Hays example

If the medical center in Hays can find a way to offer even limited inpatient mental health care, perhaps Lawrence Memorial Hospital officials should try again to provide similar care.

Officials at Lawrence Memorial Hospital may be interested in a news item from Hays.

The Hays Medical Center announced last week that it would open a new inpatient psychiatric facility this summer for people 65 and older. Medical center leaders said the decision was made to respond to a special need in their area. The center sees up to five older patients a day who are in need of inpatient mental health services. The only option now is to send them up to 100 miles away to Abilene and Kinsley and most facilities have waiting lists.

The new 15-bed Hays facility is scheduled to open July 1, according to a news report, but patients will be admitted sooner if they are judged to be a threat to themselves or others.

Lawrence currently has no inpatient psychiatric facility for people of any age. LMH closed its mental health unit in 2004, because officials said that they were having trouble hiring psychiatrists to staff the unit and that the volume of patients didn’t justify such a facility.

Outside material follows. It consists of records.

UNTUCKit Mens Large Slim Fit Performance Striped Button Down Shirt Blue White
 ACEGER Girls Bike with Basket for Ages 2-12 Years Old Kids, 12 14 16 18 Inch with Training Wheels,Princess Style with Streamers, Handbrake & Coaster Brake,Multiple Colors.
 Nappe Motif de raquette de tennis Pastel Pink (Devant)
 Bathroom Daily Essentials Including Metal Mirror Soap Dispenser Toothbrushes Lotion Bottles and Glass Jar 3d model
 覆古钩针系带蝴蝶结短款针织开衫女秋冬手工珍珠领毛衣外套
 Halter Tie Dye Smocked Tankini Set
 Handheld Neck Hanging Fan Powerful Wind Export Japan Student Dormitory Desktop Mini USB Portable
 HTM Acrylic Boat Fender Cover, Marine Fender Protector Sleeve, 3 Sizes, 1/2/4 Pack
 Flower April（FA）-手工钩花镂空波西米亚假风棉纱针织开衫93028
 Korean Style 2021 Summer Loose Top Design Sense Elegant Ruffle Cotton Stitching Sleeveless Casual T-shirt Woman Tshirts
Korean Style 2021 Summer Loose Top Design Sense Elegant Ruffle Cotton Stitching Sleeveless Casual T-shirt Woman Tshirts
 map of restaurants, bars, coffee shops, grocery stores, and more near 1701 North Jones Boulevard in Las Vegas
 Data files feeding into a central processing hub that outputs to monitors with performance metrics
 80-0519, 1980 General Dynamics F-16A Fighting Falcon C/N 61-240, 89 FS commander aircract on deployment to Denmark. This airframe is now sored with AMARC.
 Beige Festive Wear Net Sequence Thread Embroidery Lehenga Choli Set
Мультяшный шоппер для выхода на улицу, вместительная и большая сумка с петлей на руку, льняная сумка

There probably are significant differences in the situations faced in Lawrence and Hays, but there also seem to be some similarities. Lawrence has some inpatient facilities that are closer than 100 miles, but that doesn’t mean space will be available, especially with state funding cutbacks.

Although LMH cited hiring problems, Hays Medical Center was able to a hire a psychiatrist and expects to add 21 full-time equivalent positions to staff the new 15-bed facility. The fact that the facility will be restricted to people 65 and older isn’t ideal, but it’s a start and probably serves a special need among the aging population of many rural Kansas areas.

The point is that Hays saw a need and tried to address it. LMH officials certainly have done that in other treatment areas. They have gone to considerable effort and expense to hire additional doctors to expand cardiac services and provide radiation and chemotherapy services that many patients once had to travel to Topeka or Kansas City to obtain. Why not mental health care? In 2007, LMH reported that about 30 patients a month need to be transferred to Topeka or Kansas City hospitals for mental health care, but that was deemed insufficient to justify revisiting the issue of inpatient mental health care.

It would be sad if this boiled down to a purely financial issue, that perhaps providing mental health care simply isn’t as good for the hospital’s bottom line as providing cardiac or cancer care. Mental illness supposedly has come out of its historical shadows, but the need to provide mental health care still appears to be undervalued.

If the Hays Medical Center can figure out a way to support even limited inpatient services for mental health care, it seems LMH should at least make another effort to find a way to provide such services here in Lawrence.